:: WHAT IS EXPECTED ::
Transcribe only what runs from the line containing "Menu, Punjabi Zaika" through the final line below, exactly, and leave every picture out.

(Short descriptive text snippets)

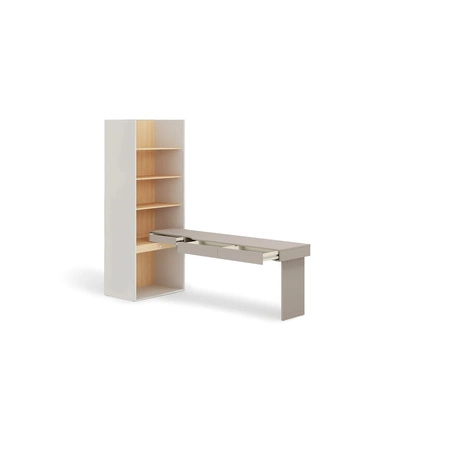 Biurko z regałem Woow 253 cm clay grey / szampański / dąb vincenza bielona prawe ergonomiczne biurko z szufladami oświetlenie LED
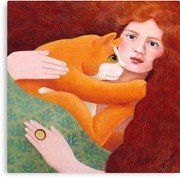 Girl with Ginger Cat - Vicky Mount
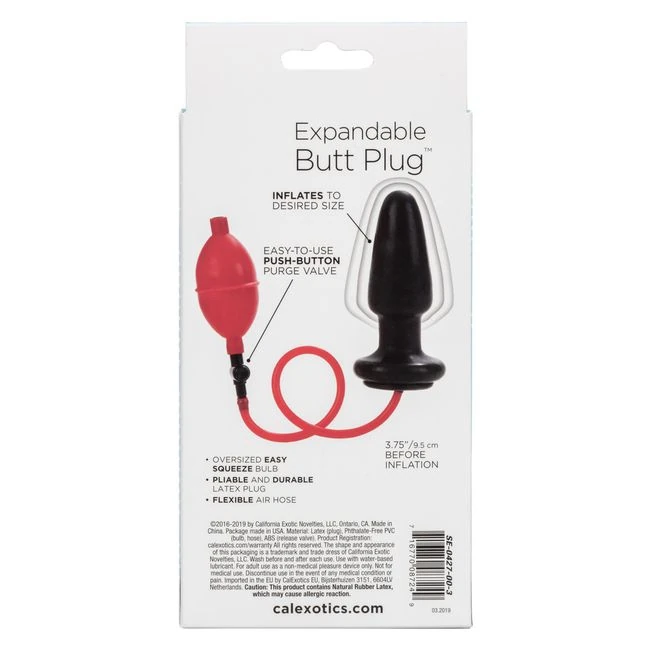 Expandable Butt Plug - Graduated Sizing & Inflation Control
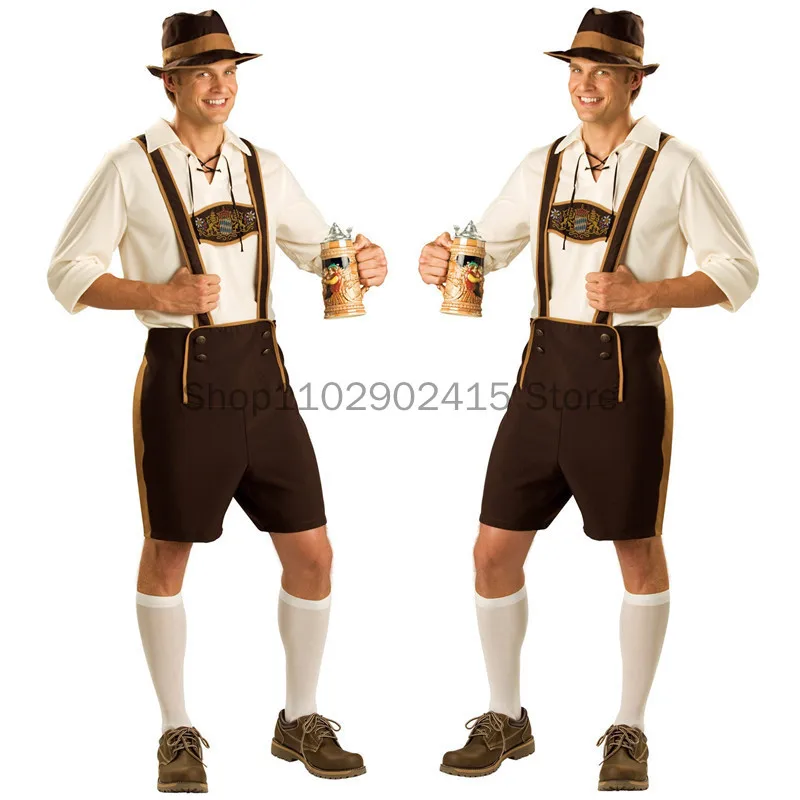 

Мужской костюм Октоберфест Lederhosen, баварский костюм Октоберфест, немецкий пивной костюм, подтяжки, шорты для мужчин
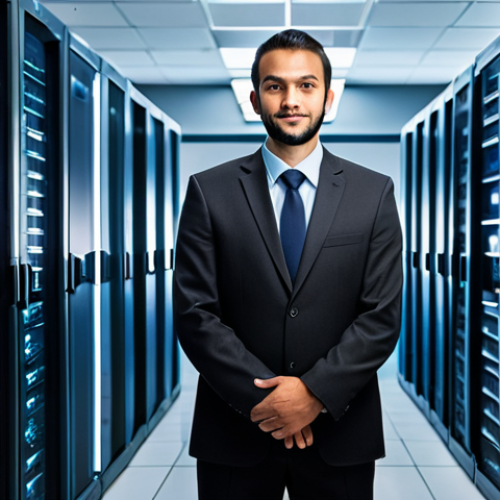 Home 14 A professional network architect in a modest business suit, standing confidently amidst rows of high-tech server racks in a modern data center, symbolizing robust infrastructure and high availability. The background features a subtle glow from the server lights. This image should convey a sense of stability and resilience, captured with professional photography, high quality, perfect anatomy, correct proportions, natural pose, well-formed hands, proper finger count, natural body proportions, fully clothed, modest clothing, appropriate attire, professional dress, safe for work, appropriate content, professional.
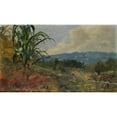 thumbnail image 2 of Frank Buchser 14x10 Black Ornate Wood Framed Double Matted Museum Art Print Titled: Landscape with Giant Corn in the Foreground (1870), 2 of 5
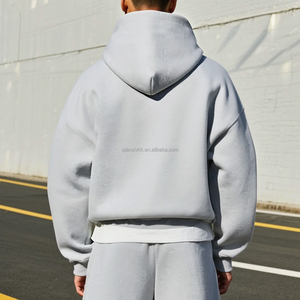 Sweat à capuche unisexe 500gsm en coton épais, sweat à capuche uni surdimensionné personnalisé de printemps pour hommes Baggy, fabricants de sweats à capuche courts vierges - Product Image 2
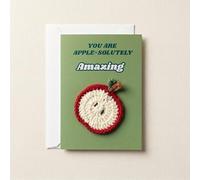 Positive Affirmation Card, Small Thank You Gift, Handmade Card with Crochet Apple, You Are Apple-solutely Amazing!, Teacher Appreciation, Thinking of You, Proud of You, Keepsake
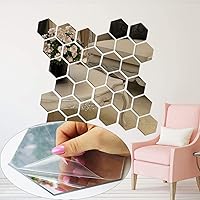 Vista 6 de BetterJonny - 24 calcomanías de pared de espejo hexagonal, autoadhesivas, para bricolaje, espejo, espejos acrílicos, para decoración del hogar, sala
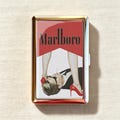 Vintage Heel Risque Graphic Cigarette Case-Zigarettenetui Wallet Metal Joint Holder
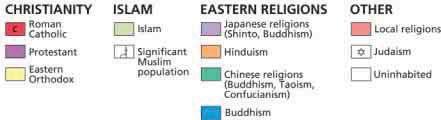 groups. Skills Assessment: Human Systems How are geographic factors reflected in the distribution of religious members today? MEMBERSHIP IN WORLD RELIGIONS, C.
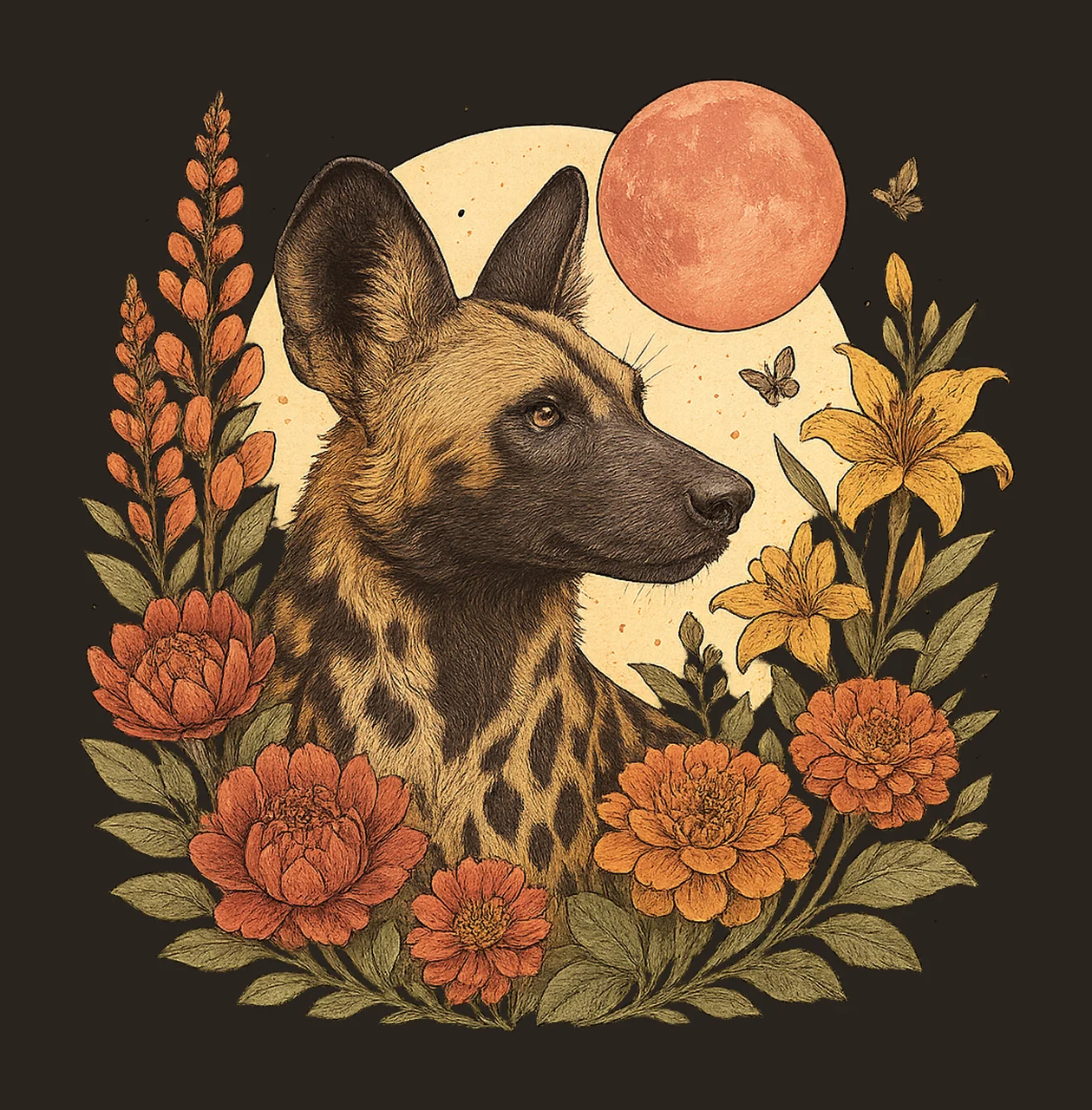 Dog Wild Nature Portrait With Flowers And Moon butterflies contrast preview thumbnail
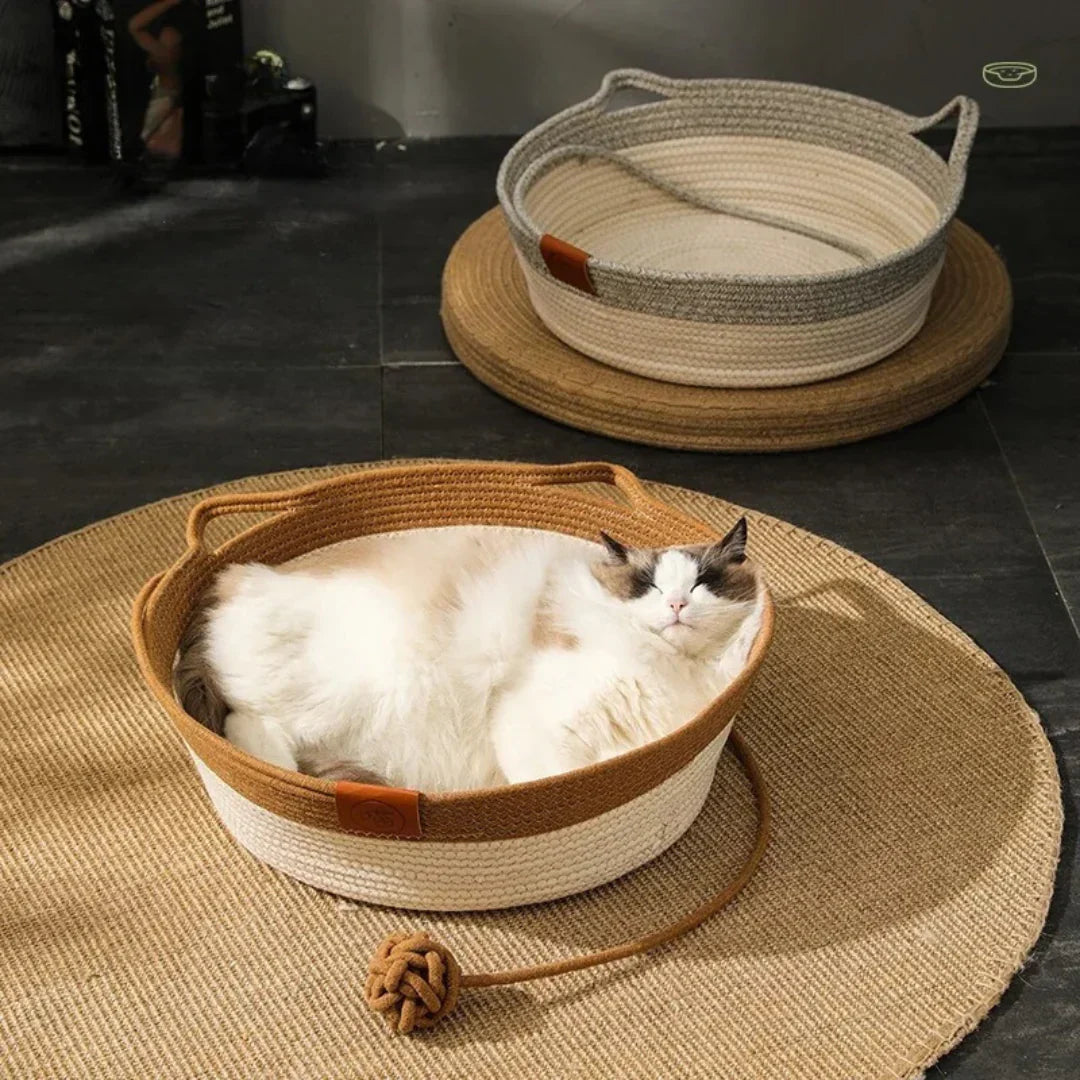 Lit en corde de coton tissée à la main pour un confort ultime des chats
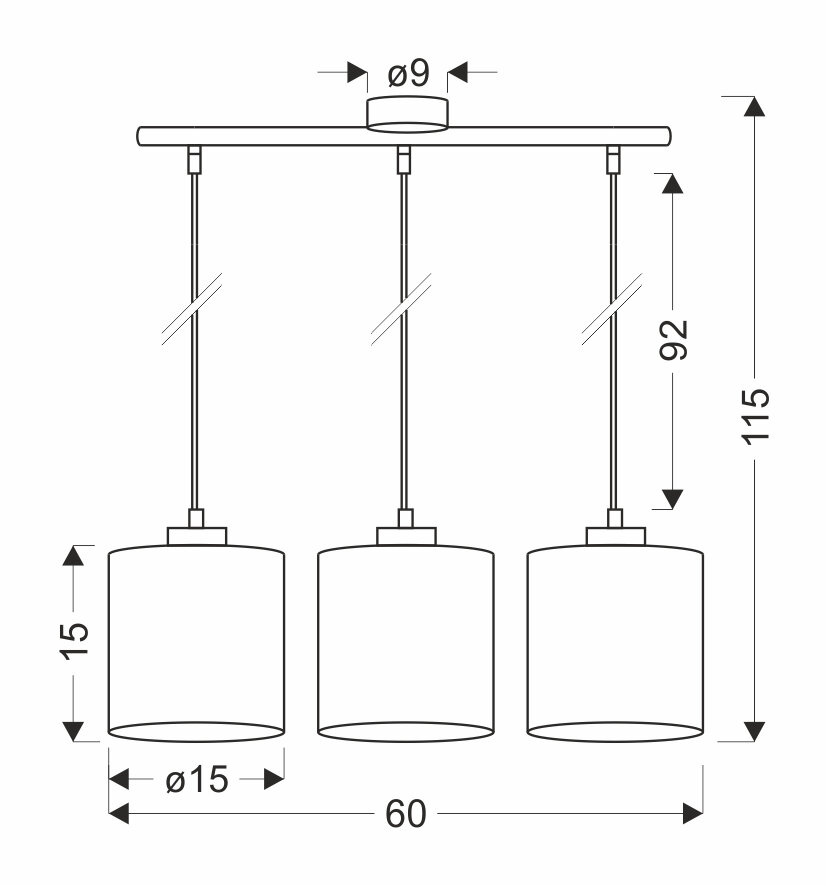 Lampa wisząca Patti czarny 3x60 E27 abażur walec 15x15 plecionka zielona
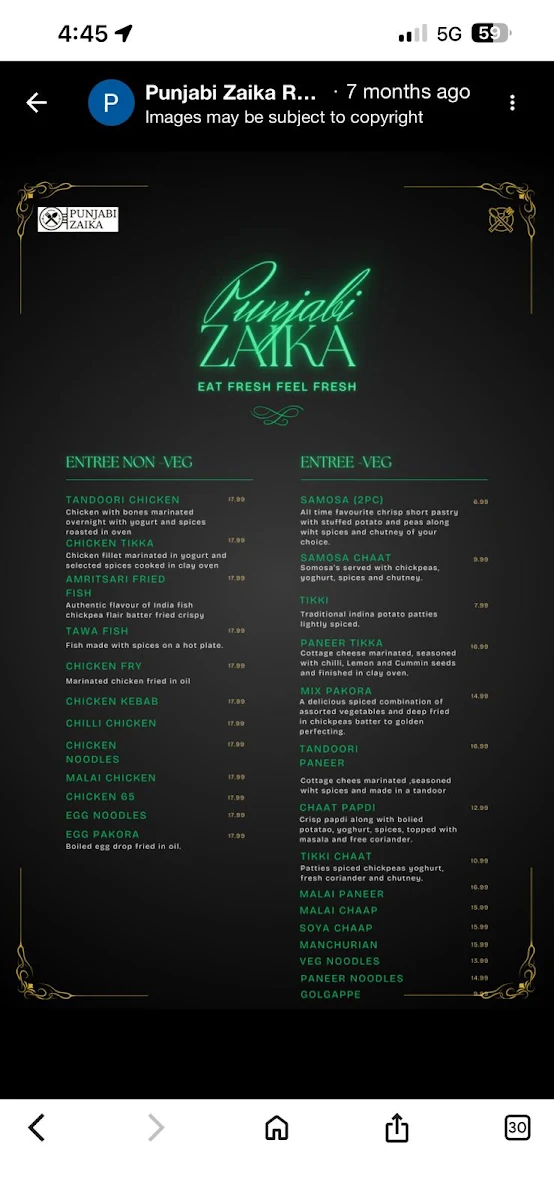 Menu, Punjabi Zaika RESTAURANT | Indian Restaurant
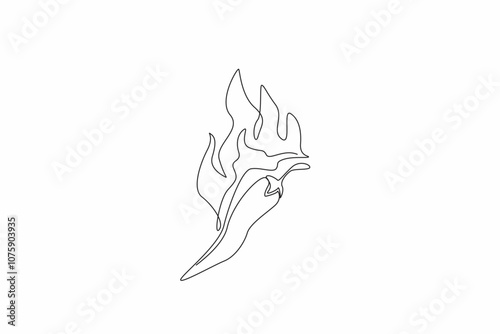 Single one line drawing chili pepper with fire on top. Passionate. Intensity. A fiery spirit. Energy. Warmth. Burning desire. Spicy. National Chili Day. Continuous line design graphic illustration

:: RESPONSE TO THE EXERCISE ::
 Menu, Punjabi Zaika RESTAURANT | Indian Restaurant
 Single one line drawing chili pepper with fire on top. Passionate. Intensity. A fiery spirit. Energy. Warmth. Burning desire. Spicy. National Chili Day. Continuous line design graphic illustration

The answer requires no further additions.